Elkin Police Lt. Mendy Peles was the first full-time sworn female officer in Elkin. She said Alene Morrison was the first part-time female who checked meters.
“I was talking to my grandmother, and she said to pick a dominantly male profession and succeed at it and you can’t go wrong,” Peles told the girls.
She first worked in the Jonesville Police Department administrative office, and then as a Yadkin County dispatcher. “Elkin had an opening and the chief asked if I wanted to go to BLET classes,” she said of the Basic Law Enforcement Training required to be an officer.
“People don’t call the police department to say they are having a great day,” Peles said. “They call to have us help work out their problems.

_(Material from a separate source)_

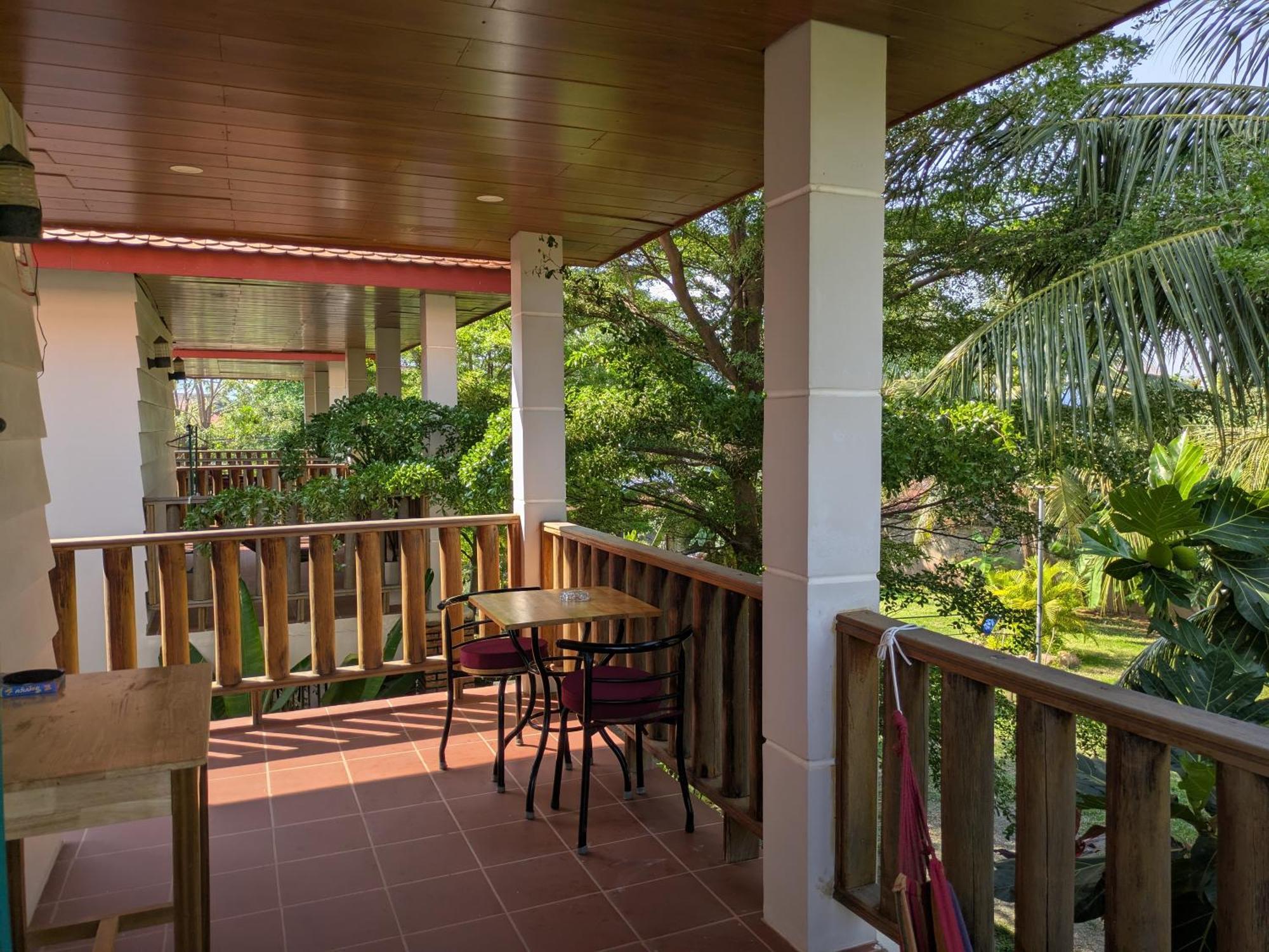Coconut Lodge Kampot Extérieur photo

I enjoy helping people.”
It took her seven years, but Peles obtained her associate’s degree by taking two to three classes a semester. She encouraged the girls to not give up.
“Don’t let anyone discourage you. If it’s truly want you want, go for it,” she said.
The final speaker was Dr. Adrienne Classen, who is the pediatrician at Kids Count.
“We need more women in math and science,” said Classen after polling the girls’ interest in those subjects.
She also explained that her middle sister, who is now a widely sought after professor of ecology, struggled with dyslexia as a child and didn’t learn to read until she was in the third grade.
“How much money you have is not what makes you happy,” Classen said. “The most important things are friends and family.”
She encouraged the girls to not bully and be selective in who they are friends with, because it hurts others. Classen told them to be healthy and active.
And “when you feel a certain way about yourself or are stressed out, talk to someone about it,” she said. “Don’t let fashion magazines or Hollywood tell you you have to be a certain thing or wear certain clothing.
“There are lots of decisions to make,” Classen said. “But don’t let anyone tell you you have to be a certain way.”
Vicky Roberts told the girls she was going to keep the papers they filled out when they first started the evening, which included a space for what they thought they wanted to be when they grew up. “I’m going to look back to see you be the architects, the OB-GYN, the ones traveling the world.
“Every one of you being here today have made a difference. Use these ladies, use people as resources and inspiration,” she said. “Just do the best you can, do the right thing.”
Lisette Bahena, a freshman at East Wilkes High School, attended the event with a couple of friends. She said she is interested in being an obstetrician and gynecologist. “I always thought it was cool to do that job. I get bored real easy and I get to do something different every day,” she said of the career she hopes to pursue.
Eryn Brown and Reanna Rice attended the event with their friend, Bethany, daughter of Vicky Roberts. Rice said she was encouraged to follow her dreams. In addition to basketball, she likes reading, math, art and music.
Matthews, whose daughter Willow was the inspiration for the symposium, said about 30 girls attended the event that she hopes will become an annual gathering. Following the speakers, the girls were able to eat dinner, which was provided by sponsors Prism Medical Products, Elk Pharmacy and Heaven Scent.